M&A opportunities still available in South Africa, despite economic challenges
Despite a decrease in appetite for emerging-market assets in recent months – owing to the current drought, commodity exposure and the global economy’s risk aversion – there remains a fair amount of activity within the local mergers and acquisitions (M&A) market, as well as a compelling opportunity for acquirers to take advantage of distressed South African companies, says Nedbank corporate and investment banking advisory head Shabbir Norath.
Norath said in a note on Monday that, owing to a steady price decline in several listed stocks, a number of South African companies were looking for new strategic equity partners to bolster their balance sheets with capital injections, which presented a key opportunity for offshore funders.

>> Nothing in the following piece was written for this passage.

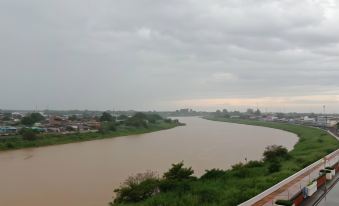 a body of water , possibly a river or a lake , surrounded by a city with a cloudy sky at Chaisaeng Palace Hotel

Norath believed, however, that many potential South African acquirers may have been spooked by the less-than-optimum economic environment in the country; but, for those willing to take a long-term view, the suppressed local markets could actually be fruitful.
“Despite funding lines from banks becoming fairly hard to come by, many of these distressed businesses present a compelling acquisition proposition for those acquirers brave enough to look past the current environmental challenges and see the fundamental strengths that underpin many of these businesses,” he said, adding that these types of companies had a lot to offer in terms of high-quality assets that could outperform when the markets picked up.

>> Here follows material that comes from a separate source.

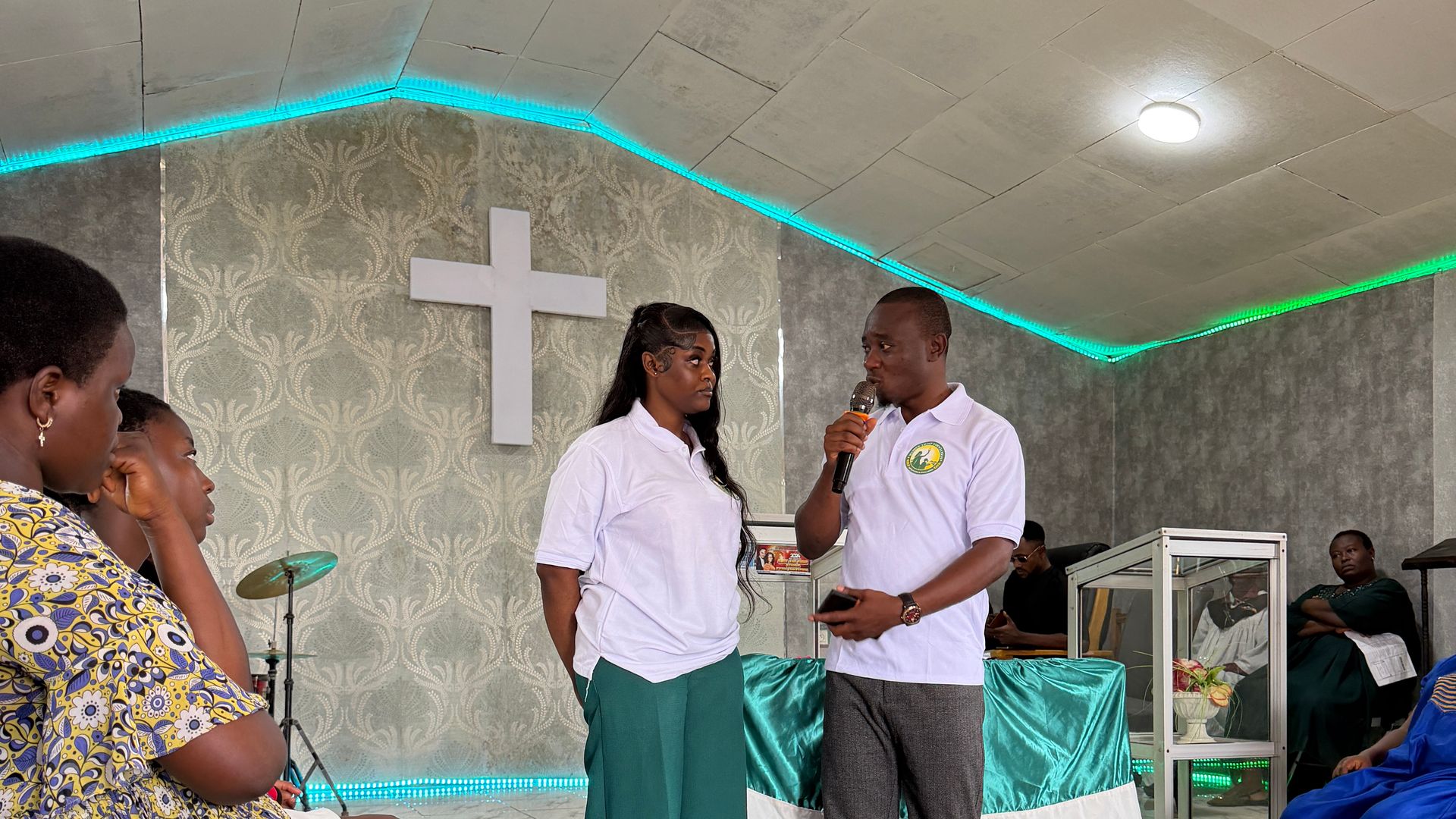 Two Foundation team members speak to participants in the Youth Centre hall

Norath also highlighted diversification as another key consideration for acquirers who currently felt reluctant to invest. He explained that, at face value, organisations in distress appeared to be unwise acquisition targets. However, in many instances, they included underlying businesses or assets that offered an opportunity to diversify.

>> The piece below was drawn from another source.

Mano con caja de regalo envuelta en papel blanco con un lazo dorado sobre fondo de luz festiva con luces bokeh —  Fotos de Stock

This would attract forward-thinking acquirers with a unique opportunity to diversify their own business interests which, in turn, would make their organisation much more resilient and valuable over time.
Norath added that, while lower valuations and the need for diversification may drive M&A activity in South Africa, the case for acquisitions in many other parts of Africa was not as a clear-cut. “Given the continent’s continued rise as a globally appealing investment destination, Africa undoubtedly presents savvy acquirers and investors with many opportunities.
“Short-term volatility and instability aside, there are many investors that clearly recognise the opportunities to be had across Africa. South African companies and investors with the means and willingness to take a long-term view would certainly be well advised to do the same,” he said.
Norath also noted that there was more M&A activity in the country than many realised, notwithstanding the weak macro and local economic environment, with several offshore funders seeking to take advantage of the rand’s deterioration and the continued perception of South Africa as the “gateway to the continent”.
“This may result in local stakeholders assuming a level of confidence that is being inflated by global acquirers with the financial means to back their long-term bets on what are, right now, clearly undervalued South Africa companies,” he said.